Closing Immunity Gaps in Measles and Rubella Elimination
In 2014, 115,000 children died from Measles. That’s 13 children every hour, mostly under 5 years old, losing their lives to a vaccine-preventable disease. Rubella is generally a mild disease, but when pregnant women become infected, their child is at risk of Congenital Rubella Syndrome (CRS), which can result in physical and mental birth defects. An estimated 100,000 children are born with CRS worldwide each year, even though rubella and CRS can both be prevented by vaccines.
All six World Health Organization (WHO) regions have measles elimination goals and three have also developed rubella elimination goals. While the 2014 Assessment Report of the Global Vaccine Action Plan revealed that most regions were off track in their work towards these elimination goals, the Pan American Health Organization verified they had met their Rubella elimination goal in 2015. Rubella and CRS have been eliminated in the Americas.
While many countries are succeeding in the strengthening of their routine immunization programs, over half of the world’s children are not vaccinated against rubella. Progress is being stifled by a number of hurdles, especially outbreaks, revealing a new challenge of vaccinating older children and adults. The consequences of the devastating outcomes of congenital rubella syndrome are obvious and provide an urgent call for action.
To that end, from May 10-11, 2016, 46 representatives from 23 countries gathered in Siena, Italy, to identify challenges and best practices for achieving high vaccination coverage among older children and adults. Attendees included measles and rubella focal points from national immunization programs, representatives from the U.S. Centers for Diseases Control and Prevention (CDC), the WHO and its regional offices as well as civil society leaders from various international pediatric associations and Lions Club chapters.

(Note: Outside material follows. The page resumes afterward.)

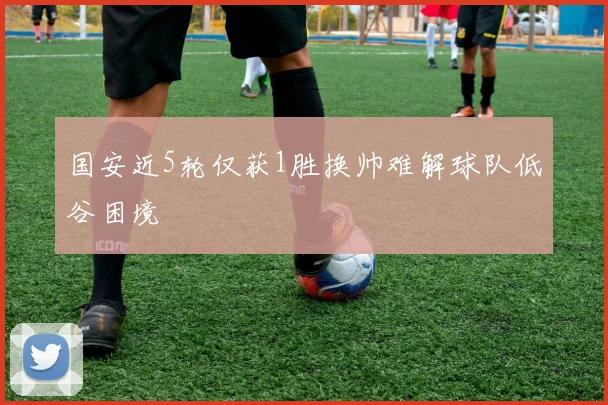 国安近5轮仅获1胜换帅难解球队低谷困境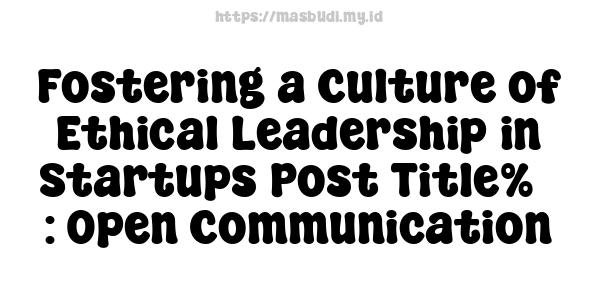 Fostering a Culture of Ethical Leadership in Startups Post Title%7 : Open Communication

The cornerstone of the agenda was sharing experiences and exchanging ideas on strategies and tactical measures to close immunity gaps in these age groups from a country-based perspective. Presentations revealed unique approaches to maintaining high routine coverage, such as Australia’s “No Jab, No Pay” law as well as experiences with campaigns when dealing with high influx of migrants or refugees. Discussions and group exercises focused on methods for obtaining high-quality data coverage in all age groups, identifying areas and groups at risk, and implementing effective actions when gaps in immunity are identified.
A coalition of partners supported the meeting, including; American Academy of Pediatrics (AAP), CDC, International Pediatric Association (IPA), Lions Clubs International Foundation, Sabin Vaccine Institute, and the WHO.
Presentations from the meeting can be found here.
A meeting report can be found here.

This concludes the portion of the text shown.